In the present case, on the other hand, the conclusion is inescapable that when the pilot left the “local flying area” and set out for his home town three hundred miles away, he and his crew completely abandoned the business of his employer, which was the performance of a specific program of training maneuvers within the local flying area. Three hundred miles, even in a flying boxcar, can hardly be classified as simply a slight detour from the area of the employer‘s business.4 Such a geographical deviation alone would under Tennessee law clearly remove these employees from the scope of their employment. Goff v. St. Bernard Coal Co., 1939, 174 Tenn. 558, 129 S.W.2d 205; Standard Tire & Battery Co. v. Sherrill, 1936, 170 Tenn. 418, 95 S.W.2d 915; Burris v. Farrell Bros., 1931, 14 Tenn. App. 121; see Lumbermen‘s Mut. Cas. Co. v. Dedmon, 1951, 196 Tenn. 94, 264 S.W.2d 567; Toombs v. Liberty Mut. Ins. Co., 1938, 173 Tenn. 38, 114 S.W.2d 785. Indeed the plane‘s departure from the area made physically impossible the accomplishment of the intended training maneuvers which alone constituted the employer‘s business.
Moreover, it seems equally clear that even if the pilot‘s conduct had occurred within the authorized geographical area, it would not have been within the scope of his employment under Tennessee law. “Extraordinary, extreme, or prankish acts rarely can be attributed to the master as means or methods of carrying out an ordinary employment.” Terrett v. Wray, 1937, 171 Tenn. 448, 451, 105 S.W.2d 93, 94. The action of the pilot in hedgehopping over his home town was obviously motivated personally, and not by considerations of service for the Air Force. See Kelly v. Louisiana Oil Refining Co., 1934, 167 Tenn. 101, 66 S.W.2d 997; Deihl & Lord v. Ottenville, 1885, 82 Tenn. 191; Shuck v. Carney, 1937, 22 Tenn. App. 125, 118 S.W.2d 896.
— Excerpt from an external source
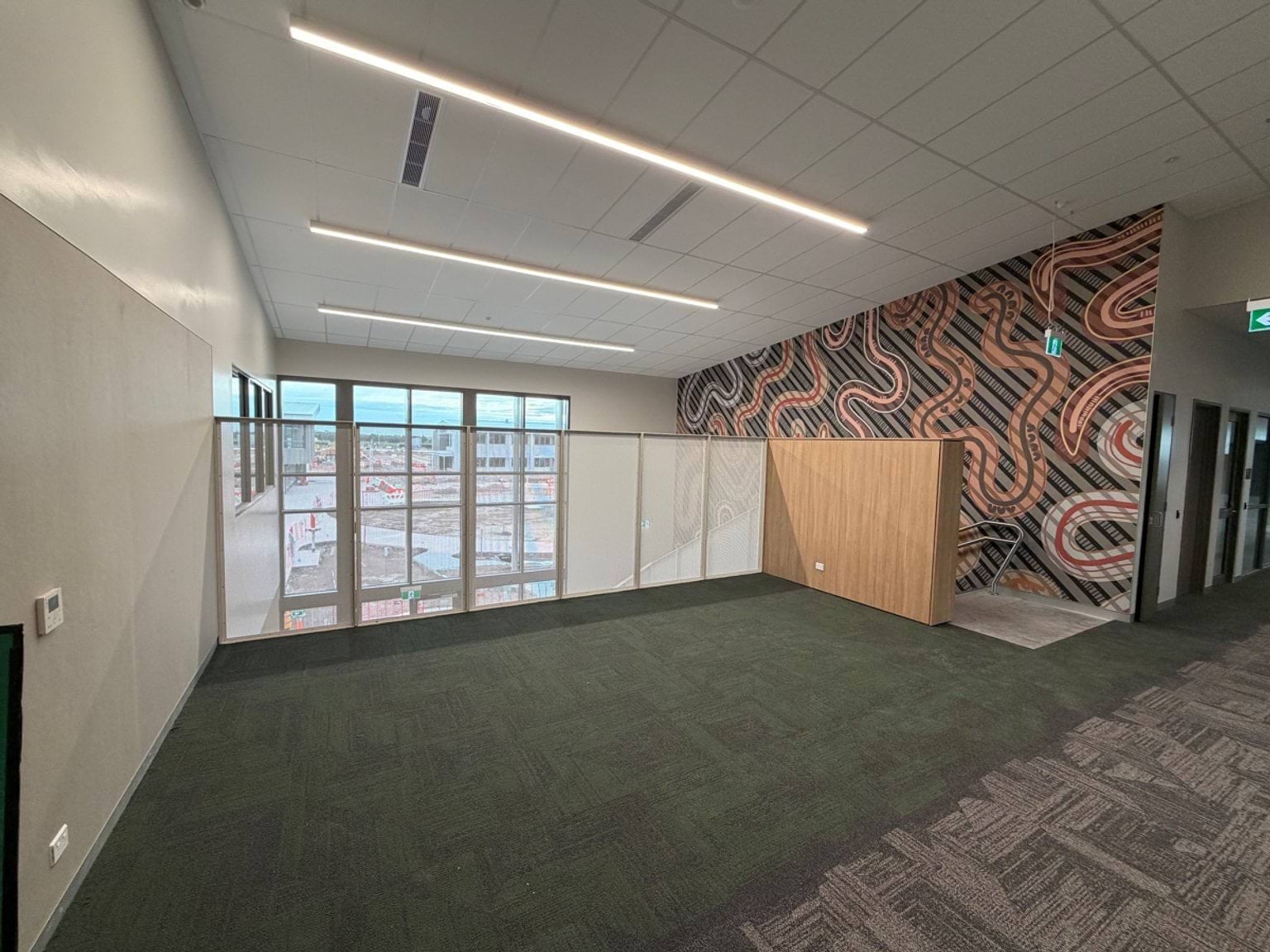 An foyer/learning area with carpet flooring, large windows and a feature wall with First Nations artwork.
The course of conduct embarked upon by the pilot in charge of this airplane was the very antithesis of that encompassed by his course of employment.
These cases are reversed and remanded with directions to enter judgments in favor of the appellant.
MARTIN, Circuit Judge (dissenting).
I would affirm the judgments in these consolidated cases. In my opinion, United States District Judge Boyd correctly found upon the facts in evidence that, in operating the Army airplane for training purposes, the Lieutenant in command and the other members of the aircraft crew at the time of the crash were acting in their line of duty and within the general scope of their employment as officers and enlisted men of the United States Air Force.
Under Tennessee law, as well as the law generally, the mere fact that an employee is acting in disobedience of orders or instructions given him by his employer does not preclude a finding that he was acting within the scope of his employment. The officers and crew of the airplane were duly authorized to take off and use the airplane on a training flight. Their orders directed them to fly for six hours in a prescribed flying area and to perform various training operations.
The plane delivered to the men carried an eight-hour supply of gasoline. It was equipped with radio for communication with the Air Base. The prescribed local flying area was within a radius of some 85 miles from the Air Base. The plane remained in the local flying area for a time and made, as ordered, one simulated landing and take off. However, it departed from the local flying area by approximately 190 miles and made two low passes over the town of Huntingdon, Tennessee. This deviation was in disobedience of orders and in violation of regulations.
On the second pass over the courthouse at Huntingdon, the aircraft began to disintegrate; the gasoline streaming from it was ignited; and the plane crashed and burned in a field some one-half or three-fourths of a mile from the courthouse. All its crew members were killed.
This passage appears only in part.